This week, there is a new detailed account of how Nigerian scammers are still able to snare victims and bleed them for months and even years. John Rempel, of Leamington, Canada, ultimately lost $150,000 after scam artists convinced him to send money from himself and relatives for over a year. In the process, he quit his job and traveled around the world for what is known as the Nigerian 419 scam.
Rempel was snared with the promise of $12.8 million in windfall funds — an irresistible prize that led him to not just give everything that he had but to borrow $55,000 from an uncle in Mexico and $60,000 from his parents.
He was hooked by scammers in July 2007 with an e-mail from a faux lawyer telling him that a client named David Rempel died in a 2005 bomb attack in London and wanted the money to go to a Rempel. Rempel explained that “It sounded all good so I called him. He sounded very happy and said God bless you.” Then came the little fees and deposits required to free up the money.
He was then asked to pay the taxes on the money (originally $250,000 and then mysteriously reduced to $25,000).
Getting money from an uncle in Mexico, he then flew to London. He met people who showed him a suitcase with $10.6 million in shrink-wrapped U.S. bills. Rempel wanted more proof. His new friends pulled out one bill and “cleansed” it with a liquid “formula,” which washed off some kind of stamp. Rempel was told that process made the money “legal tender.”

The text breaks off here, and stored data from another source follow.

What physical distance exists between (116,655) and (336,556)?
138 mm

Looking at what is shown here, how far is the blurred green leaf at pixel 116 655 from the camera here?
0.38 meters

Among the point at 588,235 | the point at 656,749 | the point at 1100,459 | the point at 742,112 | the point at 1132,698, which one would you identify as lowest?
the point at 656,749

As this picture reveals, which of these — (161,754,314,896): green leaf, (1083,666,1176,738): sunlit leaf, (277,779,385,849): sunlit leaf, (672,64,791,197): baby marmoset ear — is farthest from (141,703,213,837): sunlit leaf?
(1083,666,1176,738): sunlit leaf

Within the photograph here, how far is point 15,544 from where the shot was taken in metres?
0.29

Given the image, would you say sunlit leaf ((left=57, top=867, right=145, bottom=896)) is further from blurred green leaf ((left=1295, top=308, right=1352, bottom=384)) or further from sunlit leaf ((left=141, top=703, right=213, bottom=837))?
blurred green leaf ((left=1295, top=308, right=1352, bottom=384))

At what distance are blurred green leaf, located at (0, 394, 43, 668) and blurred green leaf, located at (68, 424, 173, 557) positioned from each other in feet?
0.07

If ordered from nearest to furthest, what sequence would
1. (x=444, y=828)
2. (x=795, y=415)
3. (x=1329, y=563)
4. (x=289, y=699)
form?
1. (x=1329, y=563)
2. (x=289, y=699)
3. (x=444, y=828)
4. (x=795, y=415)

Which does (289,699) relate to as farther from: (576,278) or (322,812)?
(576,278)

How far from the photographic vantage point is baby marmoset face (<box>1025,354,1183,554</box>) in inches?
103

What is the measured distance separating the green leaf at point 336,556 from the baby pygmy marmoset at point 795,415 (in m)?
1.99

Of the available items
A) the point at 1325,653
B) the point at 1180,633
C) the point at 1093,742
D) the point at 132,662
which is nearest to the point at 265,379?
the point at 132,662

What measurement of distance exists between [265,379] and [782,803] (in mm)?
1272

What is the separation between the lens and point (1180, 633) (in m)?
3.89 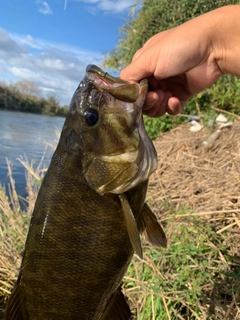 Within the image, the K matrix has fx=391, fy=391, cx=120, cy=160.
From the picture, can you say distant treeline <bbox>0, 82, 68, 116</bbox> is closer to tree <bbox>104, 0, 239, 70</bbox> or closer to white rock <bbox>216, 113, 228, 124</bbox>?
tree <bbox>104, 0, 239, 70</bbox>

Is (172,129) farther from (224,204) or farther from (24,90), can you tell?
(24,90)

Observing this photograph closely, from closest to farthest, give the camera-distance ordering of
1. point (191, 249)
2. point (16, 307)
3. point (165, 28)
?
point (16, 307)
point (191, 249)
point (165, 28)

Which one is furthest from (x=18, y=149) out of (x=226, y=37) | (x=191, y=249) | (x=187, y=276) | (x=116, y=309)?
(x=116, y=309)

They gave him the “formula,” but failed to show up to cleanse the rest of the money. Rempel then broke the bottle of magic formula and they told him that they would get him more, but that it would cost $120,000.
Money kept being demanded and sent by Rempel. Finally, the men claimed that they had been stopped at the airport in New York and needed $12,500 for a bribe. Finally, Rempel got wise and refused. Rempel, his parents and 10-year-old brother Ike drove to New York and searched the airport. To their disappointment, the men were not there.
What is striking about this account is that level of contact with these men. If Rempel can meet with these men and telephone them, why can’t our own investigators trap such scammers?
Recently, we learned of a woman who gave Nigerians $400,000 in such a scam. These stories show why these scammers need only to score in less than one percent of recipients of emails to make considerable money.